▸ **DATA TO PROCESS**
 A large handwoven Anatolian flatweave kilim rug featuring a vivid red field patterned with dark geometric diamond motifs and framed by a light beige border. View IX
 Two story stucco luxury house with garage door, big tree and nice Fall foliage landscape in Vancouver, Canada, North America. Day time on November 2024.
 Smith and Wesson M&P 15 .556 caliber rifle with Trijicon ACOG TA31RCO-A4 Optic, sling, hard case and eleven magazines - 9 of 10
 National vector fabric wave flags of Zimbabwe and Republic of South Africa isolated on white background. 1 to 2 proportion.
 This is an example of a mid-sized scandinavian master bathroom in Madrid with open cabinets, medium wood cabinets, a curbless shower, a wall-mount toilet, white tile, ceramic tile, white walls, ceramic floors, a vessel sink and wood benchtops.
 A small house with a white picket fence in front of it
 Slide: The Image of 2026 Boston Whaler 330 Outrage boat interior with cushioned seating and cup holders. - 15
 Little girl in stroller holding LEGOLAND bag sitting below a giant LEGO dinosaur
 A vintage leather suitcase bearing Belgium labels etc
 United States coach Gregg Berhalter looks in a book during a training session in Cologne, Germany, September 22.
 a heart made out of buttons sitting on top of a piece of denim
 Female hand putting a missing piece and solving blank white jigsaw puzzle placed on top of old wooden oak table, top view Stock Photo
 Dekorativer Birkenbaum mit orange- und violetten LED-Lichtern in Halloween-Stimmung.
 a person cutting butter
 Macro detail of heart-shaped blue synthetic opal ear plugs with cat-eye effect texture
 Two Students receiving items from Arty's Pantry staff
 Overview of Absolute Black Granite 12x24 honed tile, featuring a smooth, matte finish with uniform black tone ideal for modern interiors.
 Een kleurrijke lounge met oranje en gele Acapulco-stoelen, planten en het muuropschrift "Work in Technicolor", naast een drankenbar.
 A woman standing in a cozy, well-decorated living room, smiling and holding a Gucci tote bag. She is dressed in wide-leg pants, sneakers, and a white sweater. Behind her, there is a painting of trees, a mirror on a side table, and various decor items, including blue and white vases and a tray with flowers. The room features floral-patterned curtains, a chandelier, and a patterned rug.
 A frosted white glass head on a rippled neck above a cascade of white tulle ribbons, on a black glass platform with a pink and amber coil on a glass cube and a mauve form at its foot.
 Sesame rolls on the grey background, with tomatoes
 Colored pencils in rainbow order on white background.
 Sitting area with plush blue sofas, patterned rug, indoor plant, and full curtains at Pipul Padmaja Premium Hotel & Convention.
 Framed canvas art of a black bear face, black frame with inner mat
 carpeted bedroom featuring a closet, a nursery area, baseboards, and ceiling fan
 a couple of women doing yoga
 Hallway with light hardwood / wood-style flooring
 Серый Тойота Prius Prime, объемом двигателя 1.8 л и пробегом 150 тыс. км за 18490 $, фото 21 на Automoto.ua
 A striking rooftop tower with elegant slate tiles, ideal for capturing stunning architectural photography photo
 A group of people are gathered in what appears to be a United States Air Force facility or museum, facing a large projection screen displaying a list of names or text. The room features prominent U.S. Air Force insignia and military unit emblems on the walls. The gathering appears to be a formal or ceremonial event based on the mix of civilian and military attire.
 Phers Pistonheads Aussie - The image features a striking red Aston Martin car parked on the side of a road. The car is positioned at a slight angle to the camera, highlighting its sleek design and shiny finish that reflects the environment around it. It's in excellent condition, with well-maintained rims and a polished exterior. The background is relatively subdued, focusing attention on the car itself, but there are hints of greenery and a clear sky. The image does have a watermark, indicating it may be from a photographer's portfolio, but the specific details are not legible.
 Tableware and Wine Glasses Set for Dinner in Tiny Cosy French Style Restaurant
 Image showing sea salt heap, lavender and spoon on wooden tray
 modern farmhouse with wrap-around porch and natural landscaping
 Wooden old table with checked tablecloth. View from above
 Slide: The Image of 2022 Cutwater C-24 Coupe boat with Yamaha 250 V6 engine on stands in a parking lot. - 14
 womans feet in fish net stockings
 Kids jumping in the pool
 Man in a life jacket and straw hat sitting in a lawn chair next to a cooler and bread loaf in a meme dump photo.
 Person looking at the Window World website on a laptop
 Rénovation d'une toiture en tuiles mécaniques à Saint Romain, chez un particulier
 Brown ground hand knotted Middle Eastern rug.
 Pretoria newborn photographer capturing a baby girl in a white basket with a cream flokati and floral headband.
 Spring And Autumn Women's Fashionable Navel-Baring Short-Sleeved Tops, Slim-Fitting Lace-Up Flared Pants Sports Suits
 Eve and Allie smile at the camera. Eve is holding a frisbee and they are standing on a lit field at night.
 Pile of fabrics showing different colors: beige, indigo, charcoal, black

▸ **WORK ORDER**
Reproduce each line of the records in which the word "tray" appears.

▸ **RESULT OF THIS TASK**
 A woman standing in a cozy, well-decorated living room, smiling and holding a Gucci tote bag. She is dressed in wide-leg pants, sneakers, and a white sweater. Behind her, there is a painting of trees, a mirror on a side table, and various decor items, including blue and white vases and a tray with flowers. The room features floral-patterned curtains, a chandelier, and a patterned rug.
 Image showing sea salt heap, lavender and spoon on wooden tray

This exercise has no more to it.